Please also take a look at the Storing and Reusing Certificates and Keys of the integration guide. Keep your keys in a persistent way, like other configuration data, even if your server is an ephemeral "cloud" instance.
How do you store the things that don't go away when you "replace the root storage", like content for your site or the configuration of your web server? The keys you use should be stored in the same kind of way, so that the script that sets up your server pulls the keys too.
That depends a lot on what ACME client you use. Not all of them deal with this sort of use case particularly well.
That might be a way to have things work, but it may just be overcomplicating things.

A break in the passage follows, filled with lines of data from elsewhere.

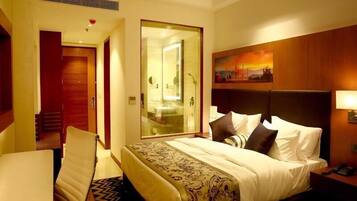 Premium bedding, minibar, in-room safe, desk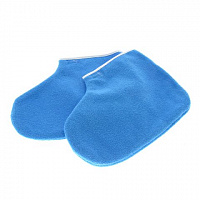 Махровые многоразовые носки для парафинотерапии СИНИЕ стандарт 1 пара 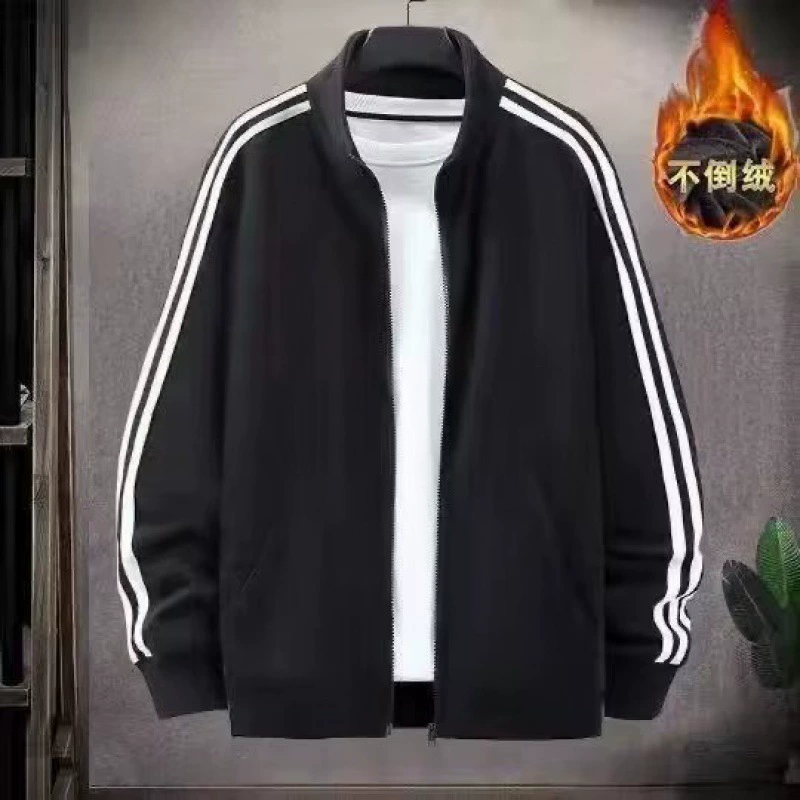 Осенняя и зимняя пара новый модный тренд повседневный кардиган большой размер досуг спортивный воротник плюс бархатный свитер прилив оптом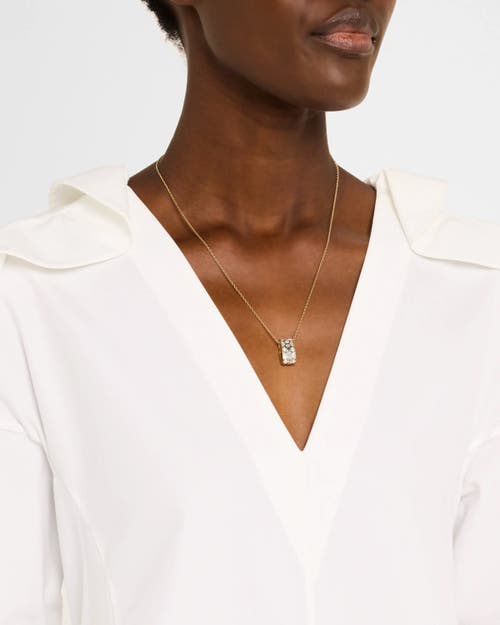 Jan Leslie Sterling With 18k Gold Overlay And Gemstones Drop Pendent Necklace In White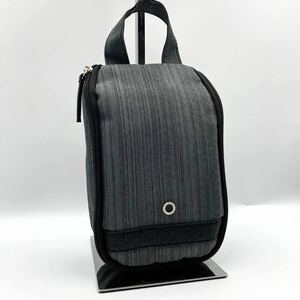 1 иен ~[ новый товар не использовался ]BVLGARI BVLGARY ручная сумочка клатч ручная сумочка кожа парусина en Boss Logo Circle мужской 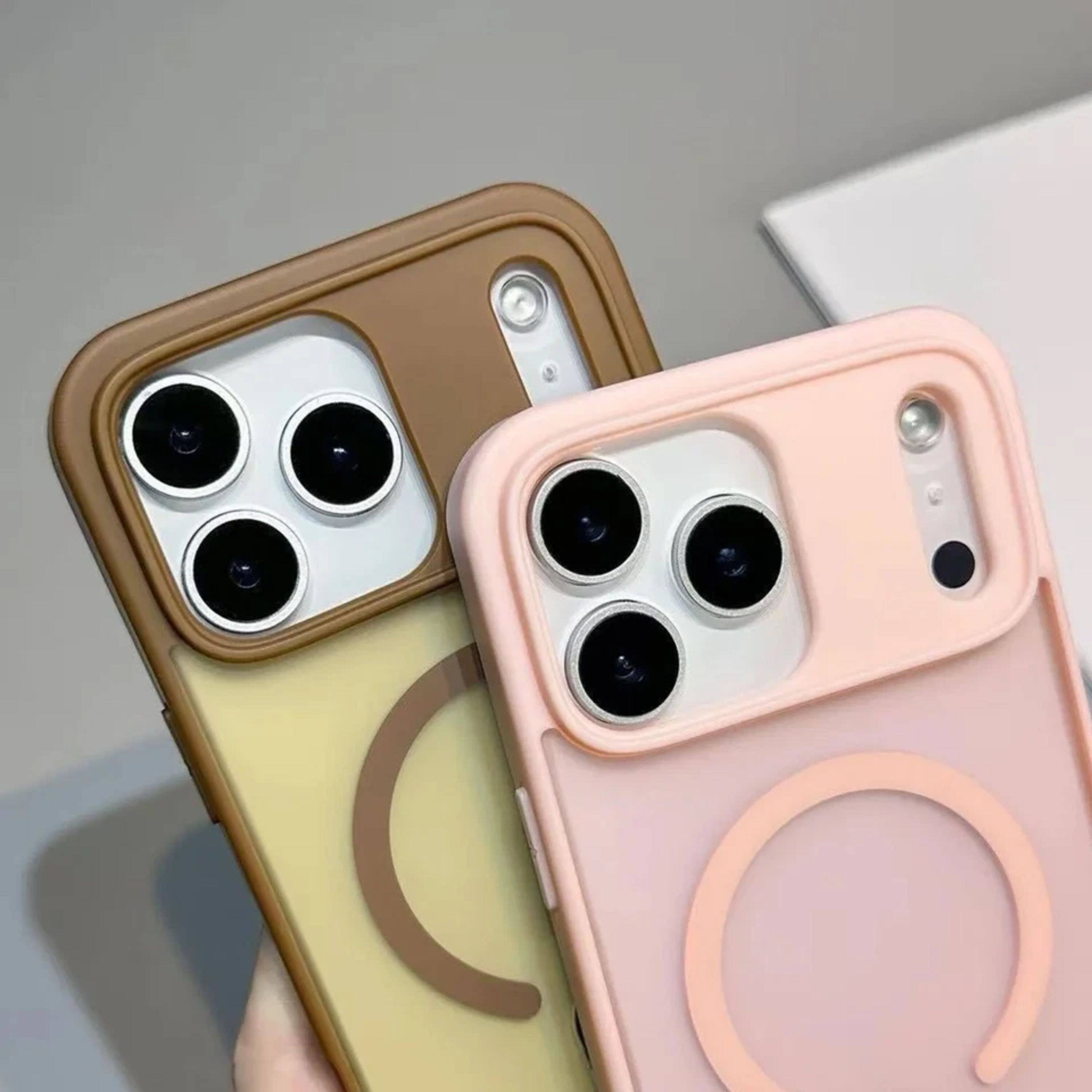 Angle. Kitcheniva - Shockproof Phone Cover For iPhone 17 Air Dessert Gold - Dessert Gold.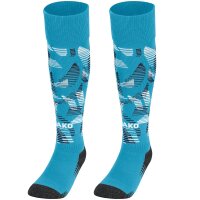 Jako Stutzenstrumpf Sonic - aqua/marine/weiß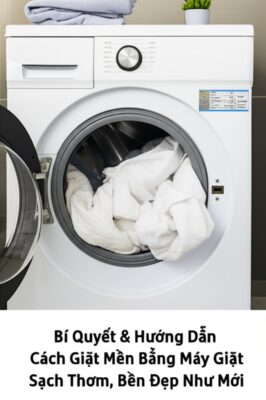 Bí Quyết & Hướng Dẫn Cách Giặt Mền Bằng Máy Giặt Sạch Thơm, Bền Đẹp Như Mới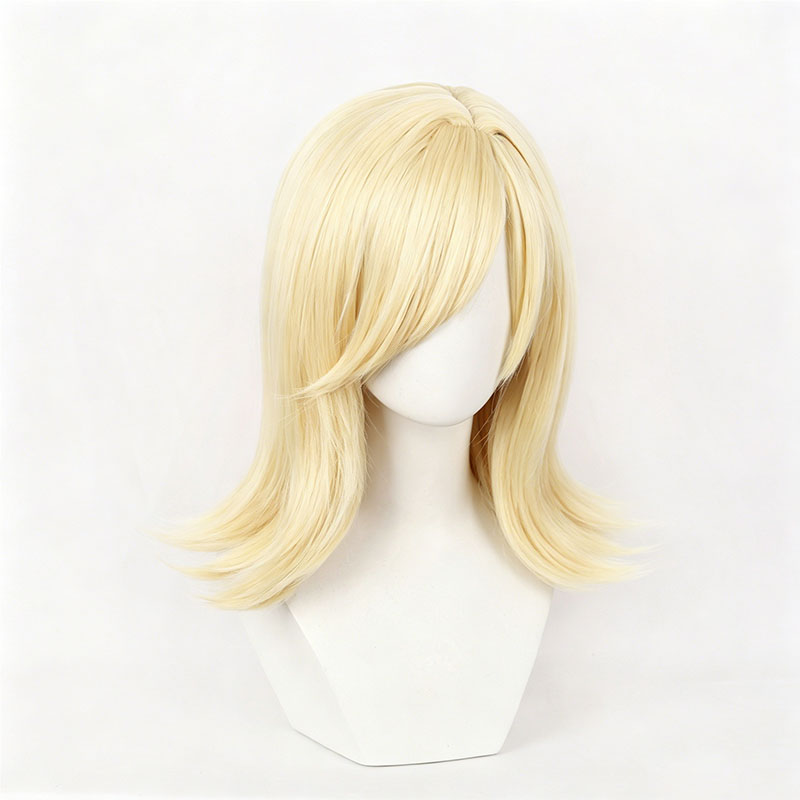 Wig Cosplay Anime JOJO Lucy St - Women'S Yellow Accessories ulasan dan harga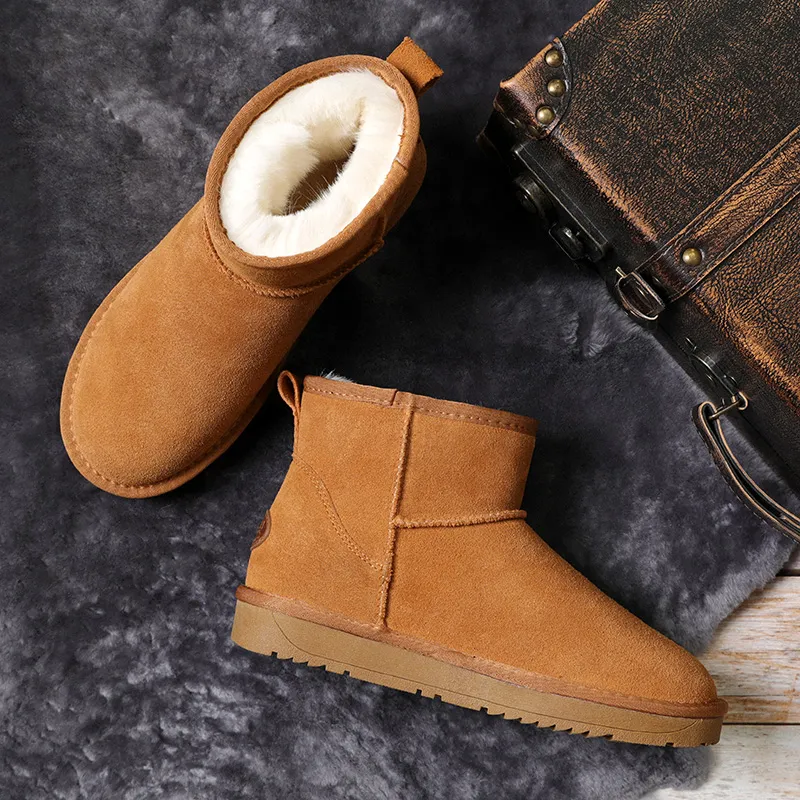 GIGIRYO Warm Wear-Resistant Slip-Resistant Short Snow Boots Women's-1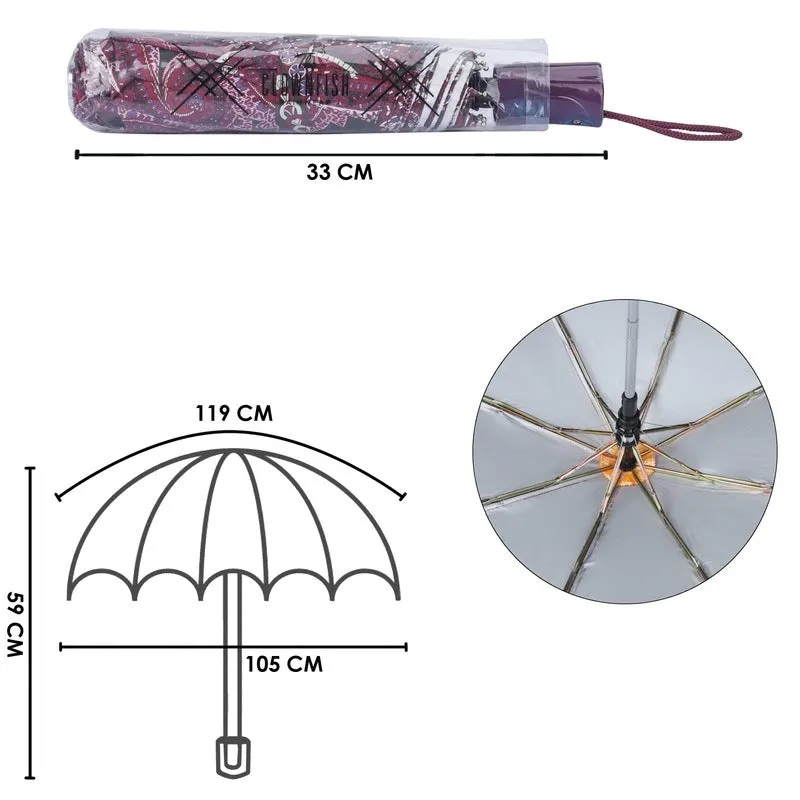 Folding Umbrella - Waterproof, Auto Open | Compact Size | Magenta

I wouldn't worry too much about abandoning old ACME accounts which you don't have the key for anymore.
I would say it's more important to keep your account key secure than to back it up, so you may decide to simply get a new account when you build a new server.
There's very little ongoing cost to Let's Encrypt for old, idle accounts. Some day we may even delete inactive accounts (say, after a few years of disuse), but we haven't made plans for that yet as it's not been a big problem.